Apart from that it looked like any old microscope. Puzzled, Lena placed her finger onto the plate as instructed and peered into the eye piece. All she could see was a hazy, indistinct cloud of colours. She turned the wheel on the side. Suddenly an image swam into focus: her fingernail, she guessed, the hard carapace a pearly grey.

She adjusted the focus. Now her nail was a solid shell, lined with cracks and fissures. Ugh, she thought. How ugly.

She zoomed in further. The image didn’t look anything like her nail now. It had shifted colour to a darker hue, a cryptic pigment she couldn’t put a name to. This is what happens when you accept mysterious gifts, she muttered to herself. Weird things happen.

She found herself mesmerised, unable to look away. Now the picture resembled vast boulders, tumbling end over end across a landscape of reddened sand. I never knew Mars was in my finger, she thought idly, and paused. Why WAS Mars in here? It made no sense. She’d studied astronomy at school, briefly. Ms Elwyn had allowed her to take a look through the telescope she kept on the roof of the science block. Through it she’d seen stars and the moon and the distant, yet recognisable, form of Saturn and its rings.

But nothing like this. She zoomed; and forms of light flashed past, precious stones refracting the stars hanging cold overhead. Black shimmered at the limits of the frame now, a darkness that seemed to suck her towards it. She couldn’t stop – she was hurtling through the void, whirling around galactic clusters, vast nebulae of baby stars thrusting outwards from their gravitational cradles. She gazed upon black holes that crackled with latent fury. She saw streaks of radiance spattered across plasmic photospheres, giant spheres of reddened gases, light curves arcing into near-infinity.

She turned the wheel one last time, and felt it catch. She was looking at what seemed a formless nothing, a white stretch of absolute void.

And then she saw. A dot, expanding toward her with infinite slowness. She realised it was huge; huger than her mind could envisage, an all-encompassing immensity that sucked her consciousness into a bottomless well of non-matter, of un-being.

It filled the lens now, a searching, consuming hunger, gobbling the emptiness set before it with an eternal want, a ceaseless yearning.

This, she somehow knew, is us. The universe. Everything that ever was and ever will be was contained within that form. And it was all inside her, and inside everyone; and now she’d seen it she would never be the same Lena, never be able to un-see the absolute truth of creation.

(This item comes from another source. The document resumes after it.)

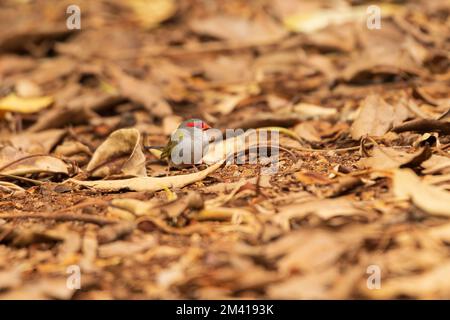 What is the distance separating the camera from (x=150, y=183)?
378 cm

With a quiet click the microscope went dead. She straightened, rubbing her eyes. The device was dead now, an inert lump of metal, never to be used again. Better to throw it away, she decided. Better just to remember.

“Lena? Dinner’s ready!”

Her mother’s voice sounded from downstairs. Lena pushed the microscope underneath her bed. Later, she thought. I’ll get rid of it later.

That night she ate rice and curry, and watched the stars till she dozed off and her mother tucked her in to bed.